── RECORD SET ──

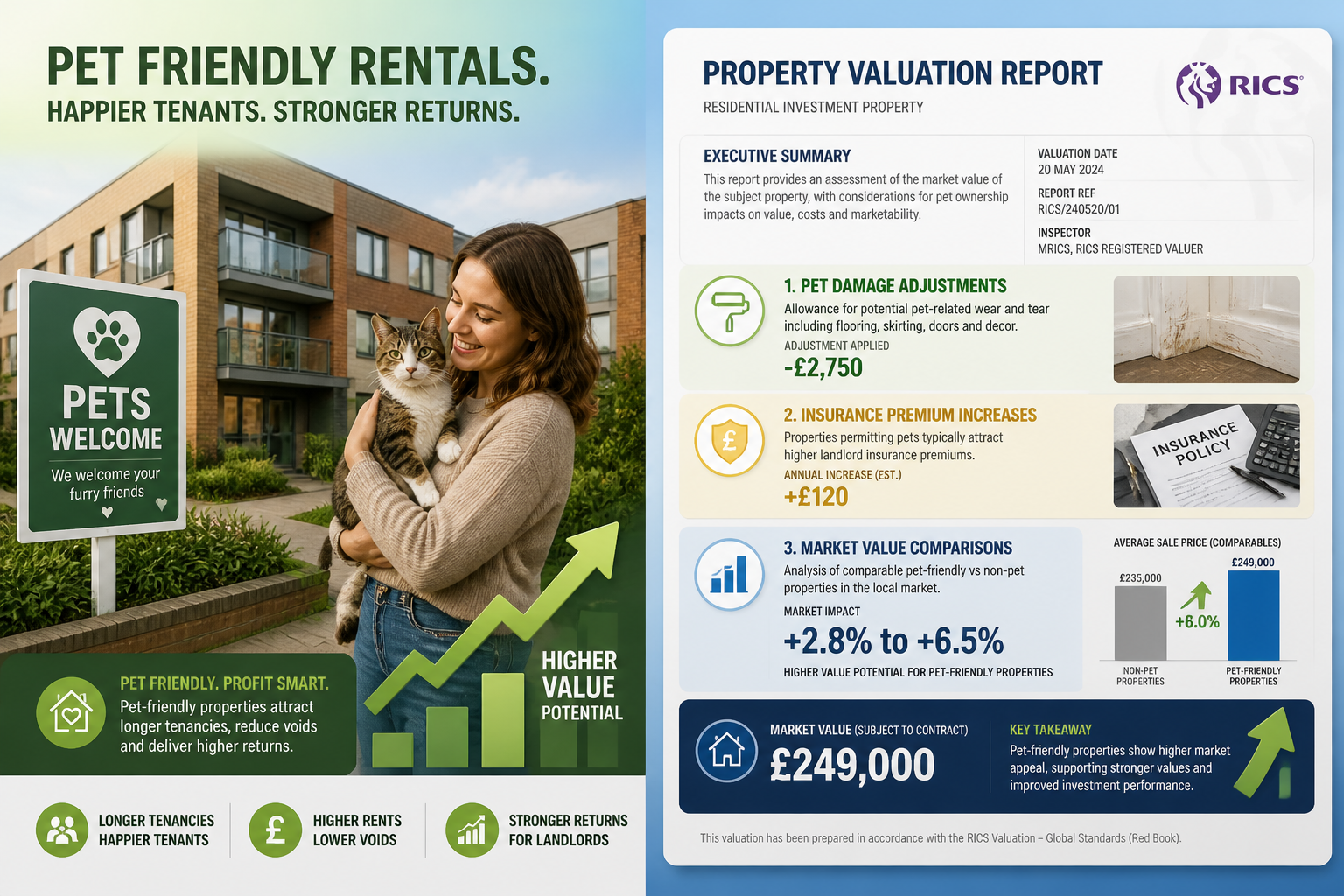 Split-panel infographic-style editorial image: left panel shows a modern UK rental flat exterior with a 'Pets Welcome' sign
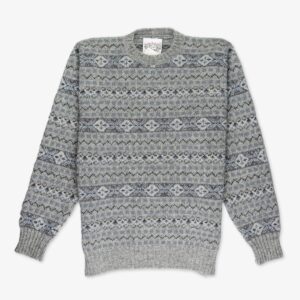 Jamieson's light grey Fair Isle wool crew neck sweater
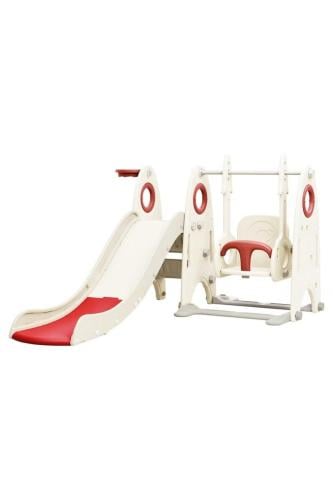 زحليقة مع مرجيحة علي شكل صاروخ مع طوق كرة سلة ومتسلق  للأطفال 4 في 1,أحمر FJY-172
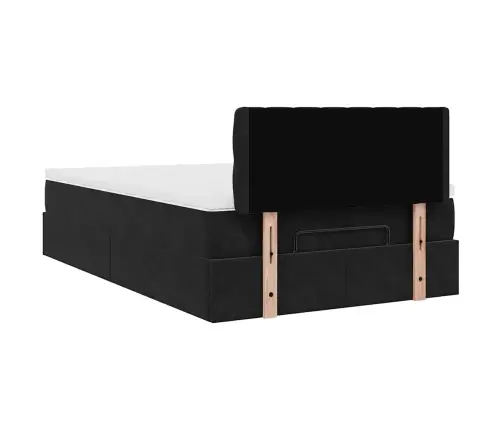 Ottomani Voodi Madratsi Ja Led, Must, 120X190cm Samet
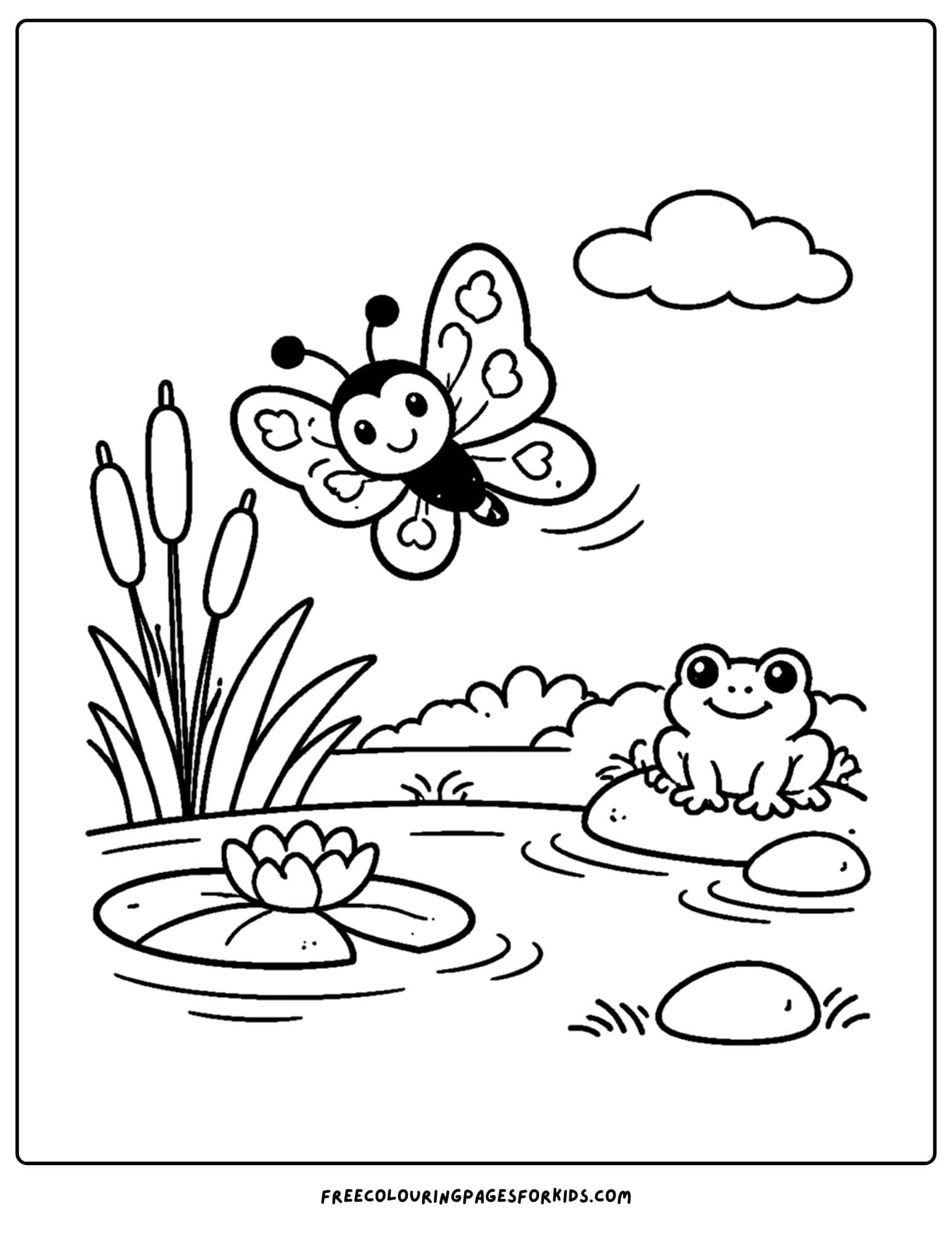 a bug coloring page showing a butterfly by a pond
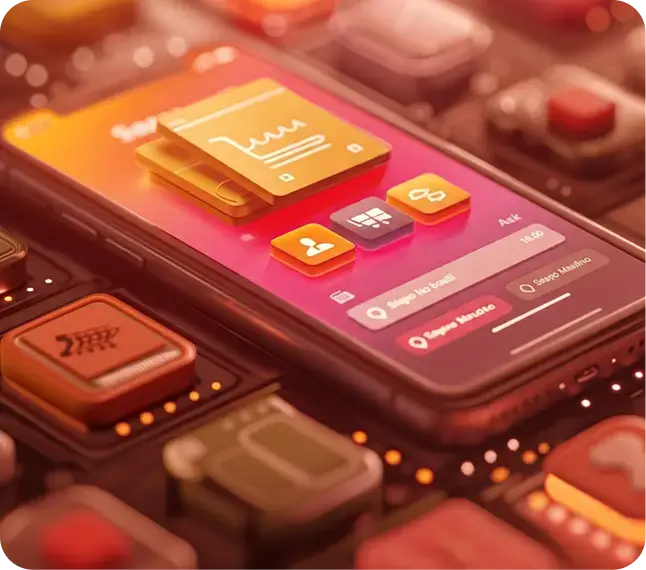 Team of experts crafting a custom mobile app for business on various device screens.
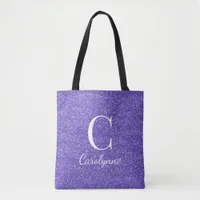 Chic Girly Purple Faux Glitter Monogram Tote Bag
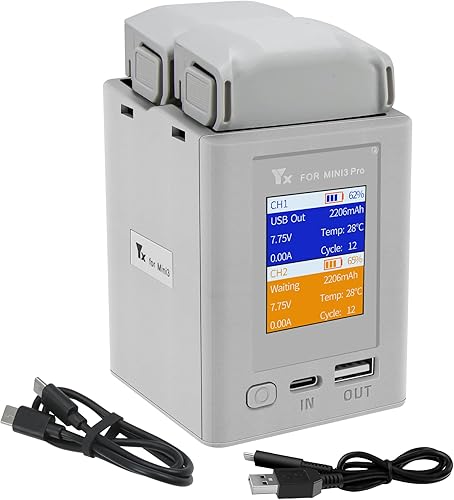 Hanatora Cargador de batería LCD para DJI Mini 3, Mini 3 Pro Drone, Hub de carga bidireccional, Pantalla de carga rápida Dos Baterías Accesorios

───

**PROBLEM TO WORK ON:**
Type out each line of the records above exactly, skipping any pictures.

**FINAL ANSWER:**
 Split-panel infographic-style editorial image: left panel shows a modern UK rental flat exterior with a 'Pets Welcome' sign
 Jamieson's light grey Fair Isle wool crew neck sweater
 زحليقة مع مرجيحة علي شكل صاروخ مع طوق كرة سلة ومتسلق  للأطفال 4 في 1,أحمر FJY-172
 Ottomani Voodi Madratsi Ja Led, Must, 120X190cm Samet
 a bug coloring page showing a butterfly by a pond
 Team of experts crafting a custom mobile app for business on various device screens.
 Chic Girly Purple Faux Glitter Monogram Tote Bag
 Hanatora Cargador de batería LCD para DJI Mini 3, Mini 3 Pro Drone, Hub de carga bidireccional, Pantalla de carga rápida Dos Baterías Accesorios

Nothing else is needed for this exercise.